But if you can still make money
when you're neutral to everything,
that's really powerful
because if someone looks at your portfolio,
they'd be like,
I wonder if you made money just because you got lucky on your sector bet.
Oh, you didn't have any sector bet.
You're neutral to sectors.
Oh, I wonder if you made money just because the yen crashed.
Nope, you had no yen exposure the entire time.
So if you had no exposure to any risks and you're still making money, that's the dream of the market-neutral hedge fund.
That's absolutely fascinating.
So let's talk about your results with this.
So can you tell us how much assets under management you currently have?
Not really.
We can't really talk about the results.
So, yeah, we are a small fund.
The way we've done Numeri is completely different.
different to other hedge funds. We've raised venture capital for the company. And we've even sold
tokens, not in an ICO, but to talk professional investors, crypto funds. But usually hedge funds start
by raising a bunch of money into their fund. And there's a rule with the SEC. I think if you have over
150 million, you have to announce that to the SEC and you get regulated in a special way. So it's almost
been good for us to stay well below that while we were doing the sort of R&D.
There's so many new things we're doing simultaneously at Numeri.
No one's ever done crowdsourcing like this.
Even just the machine learning part is unique enough.
Then we have the blockchain stuff on top of that.
So there was a lot of time that we needed to get things right.
So yeah, we don't talk about the AUM, but you can infer the fact that we haven't filed that.
we're probably quite a lot less than 150 million.
And then returns is also something the SEC doesn't like hedge funds to be talking about
because, you know, we don't want to be seen to be promoting our fund.
Our fund is not even investable by individuals.
It's really like a institutional grade fund.
So there's a couple of individuals in it, but they're just like very big investors in the hedge fund space or something like that.
I would have hoped to hear some numbers, but I understand that you can't.
Can you tell us how you've done with respect to other hedge funds?

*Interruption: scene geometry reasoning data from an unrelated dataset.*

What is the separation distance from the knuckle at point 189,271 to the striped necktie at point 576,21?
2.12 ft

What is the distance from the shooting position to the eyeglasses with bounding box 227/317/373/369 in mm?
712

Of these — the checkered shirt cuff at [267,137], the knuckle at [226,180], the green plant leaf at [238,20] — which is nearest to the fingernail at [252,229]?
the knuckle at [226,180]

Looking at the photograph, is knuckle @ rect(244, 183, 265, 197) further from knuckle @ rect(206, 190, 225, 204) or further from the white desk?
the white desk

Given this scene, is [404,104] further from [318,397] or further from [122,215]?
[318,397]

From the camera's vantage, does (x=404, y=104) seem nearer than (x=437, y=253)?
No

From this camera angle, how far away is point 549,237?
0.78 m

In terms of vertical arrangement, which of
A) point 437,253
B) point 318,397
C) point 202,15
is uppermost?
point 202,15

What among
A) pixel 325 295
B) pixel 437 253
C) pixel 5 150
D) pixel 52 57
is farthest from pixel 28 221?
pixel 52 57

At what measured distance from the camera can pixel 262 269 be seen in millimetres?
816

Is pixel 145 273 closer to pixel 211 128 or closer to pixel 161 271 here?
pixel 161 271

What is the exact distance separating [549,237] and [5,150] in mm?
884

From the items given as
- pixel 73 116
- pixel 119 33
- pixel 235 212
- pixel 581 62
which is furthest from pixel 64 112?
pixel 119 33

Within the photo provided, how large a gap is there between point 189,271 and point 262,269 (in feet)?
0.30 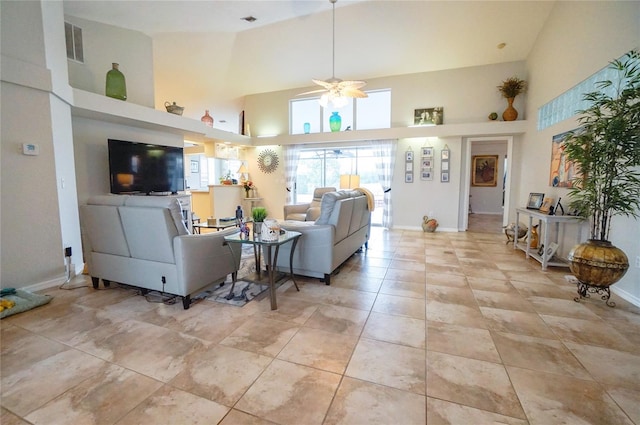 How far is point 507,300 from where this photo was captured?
2748mm

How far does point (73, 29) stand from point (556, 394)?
6.50 metres

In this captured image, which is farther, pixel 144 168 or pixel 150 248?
pixel 144 168

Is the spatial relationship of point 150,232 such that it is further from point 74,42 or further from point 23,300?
point 74,42

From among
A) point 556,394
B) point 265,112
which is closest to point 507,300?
point 556,394

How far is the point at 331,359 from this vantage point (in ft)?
6.03

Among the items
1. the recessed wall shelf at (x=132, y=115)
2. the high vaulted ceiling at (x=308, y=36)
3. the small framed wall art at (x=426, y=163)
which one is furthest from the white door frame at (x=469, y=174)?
the recessed wall shelf at (x=132, y=115)

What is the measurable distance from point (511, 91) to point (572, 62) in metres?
1.77

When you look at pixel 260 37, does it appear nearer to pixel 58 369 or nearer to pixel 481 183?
pixel 58 369

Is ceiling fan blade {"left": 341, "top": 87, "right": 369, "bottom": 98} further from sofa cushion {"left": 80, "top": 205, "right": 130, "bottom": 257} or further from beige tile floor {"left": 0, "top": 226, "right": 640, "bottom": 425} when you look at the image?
sofa cushion {"left": 80, "top": 205, "right": 130, "bottom": 257}

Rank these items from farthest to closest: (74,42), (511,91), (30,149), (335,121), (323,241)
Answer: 1. (335,121)
2. (511,91)
3. (74,42)
4. (323,241)
5. (30,149)

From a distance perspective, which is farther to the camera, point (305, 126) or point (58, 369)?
point (305, 126)

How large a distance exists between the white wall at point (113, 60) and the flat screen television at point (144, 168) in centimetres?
82

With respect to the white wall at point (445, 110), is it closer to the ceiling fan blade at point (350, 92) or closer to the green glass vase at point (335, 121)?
the green glass vase at point (335, 121)

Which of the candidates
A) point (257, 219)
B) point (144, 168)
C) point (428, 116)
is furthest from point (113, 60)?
point (428, 116) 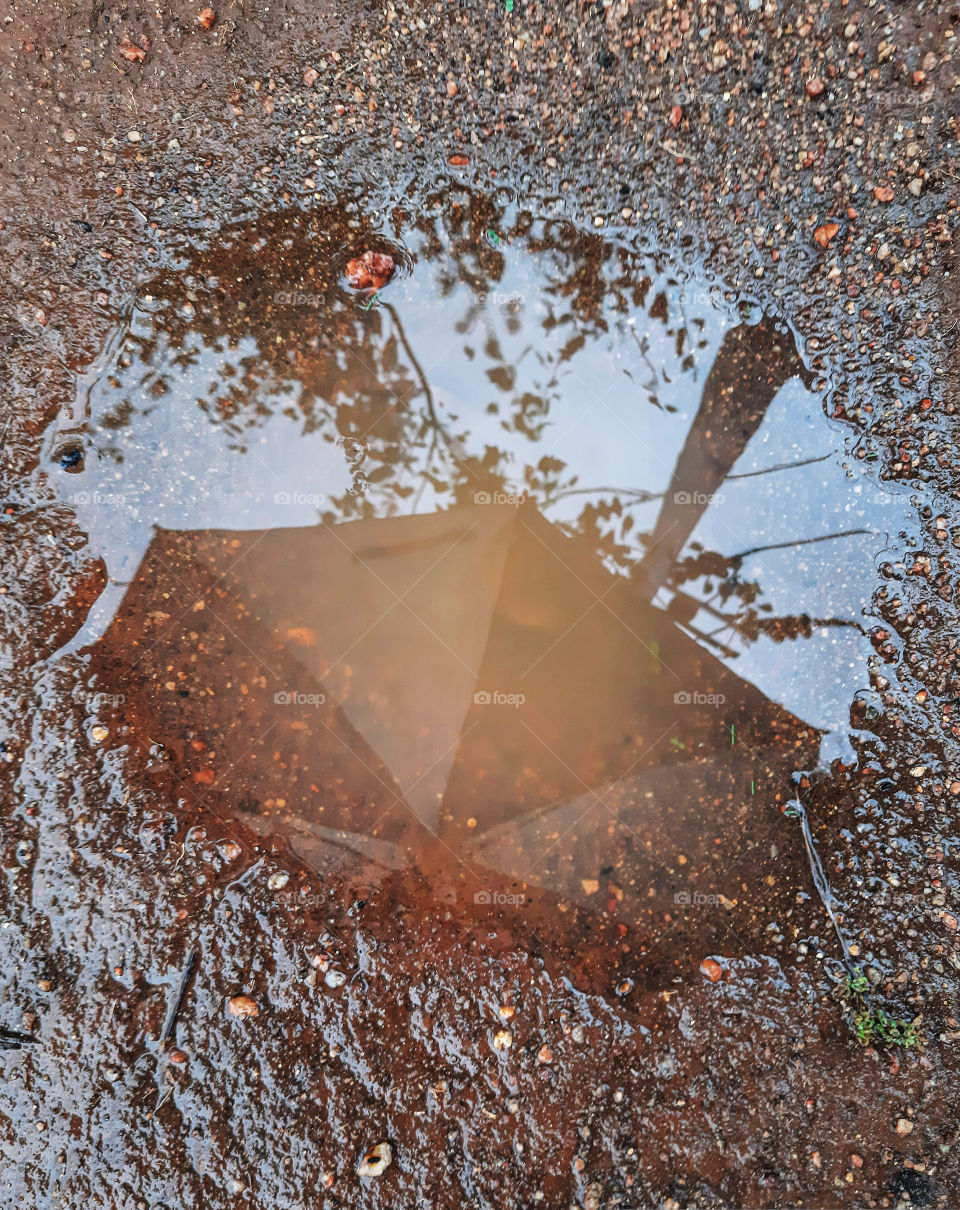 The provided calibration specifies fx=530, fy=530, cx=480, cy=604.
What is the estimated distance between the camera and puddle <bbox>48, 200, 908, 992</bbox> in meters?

So are you hedge fund neutral or are you up or down?
Yeah, I mean, we can say like, so we did, I did talk before about market neutral,
spoken to other press about market neutral funds during this pandemic.
And some funds did extremely badly, even though they market themselves as market neutral.
In fact, Renaissance have a market neutral fund.
Renaissance is maybe the most, yeah, successful hedge fund.
And it's down 20%.
And it's like, why are you down 20%?
Like you're supposed to be market neutral.
And so things can go wrong in a financial crisis where you realize, even if you're market neutral,
you were holding a lot of the stuff that other hedge funds were holding,
and your strategy wasn't very differentiated,
and everyone was pulling their money out of the good stuff, the good stocks,
and that liquidity event made a lot of liquidity crisis made a lot of funds lose money.
But we were also pandemic neutral during this time.
So we actually didn't have, we don't hold a lot of the same stocks that other hedge funds hold.
So in March of 2020, when this crisis was particularly bad, we were fine.
We did a lot better than our peers.
Cool.
Being fine in these times is a, yeah, it's a very good thing.
So can you tell us what percentage of the liquid NMR supply is staked on a regular basis?
Yeah, right now, so it's maybe, yeah, if it's 3.3 million,
depending on how you look at the circulating supply, that's about 5% of the total that's out there.
And that's a good amount because Numerai has held back a lot of the, because we never did an ICO,
there wasn't like this time a long time ago where all of our tokens were bought by speculators who would never use Numeri.
We were much more careful.
We gave out a small amount to our users and slowly pay them from our reserves.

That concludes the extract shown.